Text functions and query performance (a SQL demo)

Author

Beata Sirowy

The document showcases various text functions, evaluated on a randomly generated dataset, along with an analysis of query performance.

The document is created in Quarto accessed from RStudio connected to a locally hosted PostgreSQL database.

1. Loading libraries

library(tidyverse)

── Attaching core tidyverse packages ──────────────────────── tidyverse 2.0.0 ──
✔ dplyr     1.1.4     ✔ readr     2.1.5
✔ forcats   1.0.0     ✔ stringr   1.5.1
✔ ggplot2   3.5.1     ✔ tibble    3.2.1
✔ lubridate 1.9.3     ✔ tidyr     1.3.1
✔ purrr     1.0.2     
── Conflicts ────────────────────────────────────────── tidyverse_conflicts() ──
✖ dplyr::filter() masks stats::filter()
✖ dplyr::lag()    masks stats::lag()
ℹ Use the conflicted package (<http://conflicted.r-lib.org/>) to force all conflicts to become errors

library(DBI)       
library(RPostgres)       
library(dbplyr)


Attaching package: 'dbplyr'

The following objects are masked from 'package:dplyr':

    ident, sql

2. Establishing a database connection (PostgreSQL)
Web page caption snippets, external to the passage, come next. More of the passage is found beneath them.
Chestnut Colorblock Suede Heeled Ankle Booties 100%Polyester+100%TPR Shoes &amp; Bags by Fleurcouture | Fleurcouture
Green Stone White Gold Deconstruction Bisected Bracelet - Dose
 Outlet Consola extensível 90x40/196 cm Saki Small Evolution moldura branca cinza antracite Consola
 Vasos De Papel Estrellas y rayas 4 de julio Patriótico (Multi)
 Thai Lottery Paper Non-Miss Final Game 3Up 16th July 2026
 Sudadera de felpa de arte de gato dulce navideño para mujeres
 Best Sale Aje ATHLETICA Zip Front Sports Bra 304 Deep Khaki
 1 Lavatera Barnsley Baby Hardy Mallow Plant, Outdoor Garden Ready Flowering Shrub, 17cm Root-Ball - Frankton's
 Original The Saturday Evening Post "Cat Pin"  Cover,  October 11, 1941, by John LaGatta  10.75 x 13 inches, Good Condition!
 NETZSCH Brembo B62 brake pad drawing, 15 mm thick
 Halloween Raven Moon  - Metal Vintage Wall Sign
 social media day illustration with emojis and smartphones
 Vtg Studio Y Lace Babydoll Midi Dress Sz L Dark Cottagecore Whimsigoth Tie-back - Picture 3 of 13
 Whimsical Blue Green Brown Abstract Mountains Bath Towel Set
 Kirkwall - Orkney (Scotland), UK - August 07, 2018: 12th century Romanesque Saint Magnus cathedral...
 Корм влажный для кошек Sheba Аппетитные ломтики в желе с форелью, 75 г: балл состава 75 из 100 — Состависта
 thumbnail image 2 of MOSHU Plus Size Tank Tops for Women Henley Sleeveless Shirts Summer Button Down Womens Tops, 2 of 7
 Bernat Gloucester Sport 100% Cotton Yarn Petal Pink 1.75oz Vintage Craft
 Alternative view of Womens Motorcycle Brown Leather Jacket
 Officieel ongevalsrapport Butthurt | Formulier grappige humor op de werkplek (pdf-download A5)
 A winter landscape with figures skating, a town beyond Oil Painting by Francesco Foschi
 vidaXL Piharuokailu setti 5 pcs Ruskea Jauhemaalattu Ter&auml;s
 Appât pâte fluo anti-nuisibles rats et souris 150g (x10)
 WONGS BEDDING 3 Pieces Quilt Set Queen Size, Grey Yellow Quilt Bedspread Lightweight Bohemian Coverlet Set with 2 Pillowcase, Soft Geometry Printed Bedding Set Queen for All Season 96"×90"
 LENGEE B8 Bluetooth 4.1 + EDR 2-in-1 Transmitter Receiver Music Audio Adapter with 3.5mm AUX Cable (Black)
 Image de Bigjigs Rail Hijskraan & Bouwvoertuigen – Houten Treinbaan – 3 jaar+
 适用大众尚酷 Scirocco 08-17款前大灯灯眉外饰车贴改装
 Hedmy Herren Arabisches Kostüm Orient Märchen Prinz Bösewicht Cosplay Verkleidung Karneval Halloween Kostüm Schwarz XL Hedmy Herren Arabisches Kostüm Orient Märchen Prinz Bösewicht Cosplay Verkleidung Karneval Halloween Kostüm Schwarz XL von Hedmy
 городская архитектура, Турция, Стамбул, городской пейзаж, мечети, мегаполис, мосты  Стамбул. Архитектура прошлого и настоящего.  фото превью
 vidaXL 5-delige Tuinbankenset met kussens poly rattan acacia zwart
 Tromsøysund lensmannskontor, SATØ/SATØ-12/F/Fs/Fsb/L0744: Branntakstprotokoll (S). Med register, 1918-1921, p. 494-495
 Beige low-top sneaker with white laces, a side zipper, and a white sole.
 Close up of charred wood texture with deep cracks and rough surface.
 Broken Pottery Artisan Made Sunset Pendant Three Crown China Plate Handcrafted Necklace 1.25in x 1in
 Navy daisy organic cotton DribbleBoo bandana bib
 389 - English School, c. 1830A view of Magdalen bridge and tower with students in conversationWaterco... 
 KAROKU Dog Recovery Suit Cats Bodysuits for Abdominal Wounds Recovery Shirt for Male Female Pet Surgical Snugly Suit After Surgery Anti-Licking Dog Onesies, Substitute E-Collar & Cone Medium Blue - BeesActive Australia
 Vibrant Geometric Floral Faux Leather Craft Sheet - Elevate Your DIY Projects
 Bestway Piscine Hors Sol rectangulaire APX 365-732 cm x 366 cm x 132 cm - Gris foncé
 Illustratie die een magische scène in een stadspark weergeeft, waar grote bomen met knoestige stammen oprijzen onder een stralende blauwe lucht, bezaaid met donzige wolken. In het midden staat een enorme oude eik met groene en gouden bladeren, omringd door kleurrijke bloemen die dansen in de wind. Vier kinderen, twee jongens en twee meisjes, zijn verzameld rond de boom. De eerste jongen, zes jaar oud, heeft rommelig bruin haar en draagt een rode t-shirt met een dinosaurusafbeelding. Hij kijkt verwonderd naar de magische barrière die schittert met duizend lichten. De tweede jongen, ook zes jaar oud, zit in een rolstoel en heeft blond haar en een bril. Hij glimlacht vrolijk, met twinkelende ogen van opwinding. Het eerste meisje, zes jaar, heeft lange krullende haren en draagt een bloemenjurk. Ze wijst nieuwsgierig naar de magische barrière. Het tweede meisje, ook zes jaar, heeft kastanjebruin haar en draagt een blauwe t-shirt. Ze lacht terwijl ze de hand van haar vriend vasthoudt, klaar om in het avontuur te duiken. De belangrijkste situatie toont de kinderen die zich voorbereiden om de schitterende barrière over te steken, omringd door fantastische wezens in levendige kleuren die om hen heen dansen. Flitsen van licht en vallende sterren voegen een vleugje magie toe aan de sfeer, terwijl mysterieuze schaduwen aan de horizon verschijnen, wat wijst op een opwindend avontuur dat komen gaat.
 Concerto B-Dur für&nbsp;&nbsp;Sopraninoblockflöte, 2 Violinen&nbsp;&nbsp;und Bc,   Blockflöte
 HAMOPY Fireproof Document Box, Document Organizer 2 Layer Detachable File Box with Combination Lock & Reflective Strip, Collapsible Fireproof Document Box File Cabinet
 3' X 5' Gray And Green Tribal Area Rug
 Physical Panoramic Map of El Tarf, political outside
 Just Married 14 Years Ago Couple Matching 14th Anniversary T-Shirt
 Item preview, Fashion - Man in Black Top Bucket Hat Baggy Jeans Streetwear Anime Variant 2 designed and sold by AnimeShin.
I use RPostgres package to connent to a locally hosted PostgreSQL database.

con <- DBI::dbConnect(                     
  RPostgres::Postgres(),                     
  dbname = 'postgres',                     
  host = 'localhost',                     
  port = 5432,                     
  user = 'postgres',                     
  password = 'abcd'     
  )

3. An overview - text functions

a. Pattern matching: WHERE clause operators:

LIKE / ILIKE / NOT LIKE / NOT ILIKE - we can use wildcards with these expressions. ILIKE operator is case -insensitive. A query including ILIKE takes more time to execute than a query with LIKE operator.
SIMILAR TO / NOT SIMILAR TO (works like a ‘regular expression’ - presented further in this document)
= . > , <=, >= , BETWEEN IN

b. String functions

‘string_a_’ || ‘string_b_’ Result: string_a_string_b_
*string_a_’ || 45 Result: string_a_45
char_length(‘tom’) - number of characters in a string
lower(‘TOM’) , upper(‘tom’) - converts a string to a lower/upper case
overlay(‘Thxxxxs’ placing ‘oma’ from 3 for 4) Result: Thomas - replaces a substring
pg_relation_size(‘table_name’). pg_indexes_size(‘table_name’) - provides size (bits)
etc.

3. Generating random data

The following PostgreSQL functions are useful in data generation:

REPEAT () - generating long strings (horizontal)
GENERATE_SERIES() - generating multiple rows (vertical), like Python’s or R’s range
RANDOM() makes rows unique

Floating point 0 <= RANDOM() <= 1.0


SELECT RANDOM(), RANDOM()*100, TRUNC(RANDOM()*100);

1 records
random	?column?	trunc
0.5851044	50.44067	24


SELECT REPEAT('Lemon', 5);

1 records
repeat
LemonLemonLemonLemonLemon


SELECT GENERATE_SERIES(2, 5);

4 records
generate_series
2
3
4
5

Combining these function, we can quickly generate a data frame with lots of random data (e.g. for training purposes)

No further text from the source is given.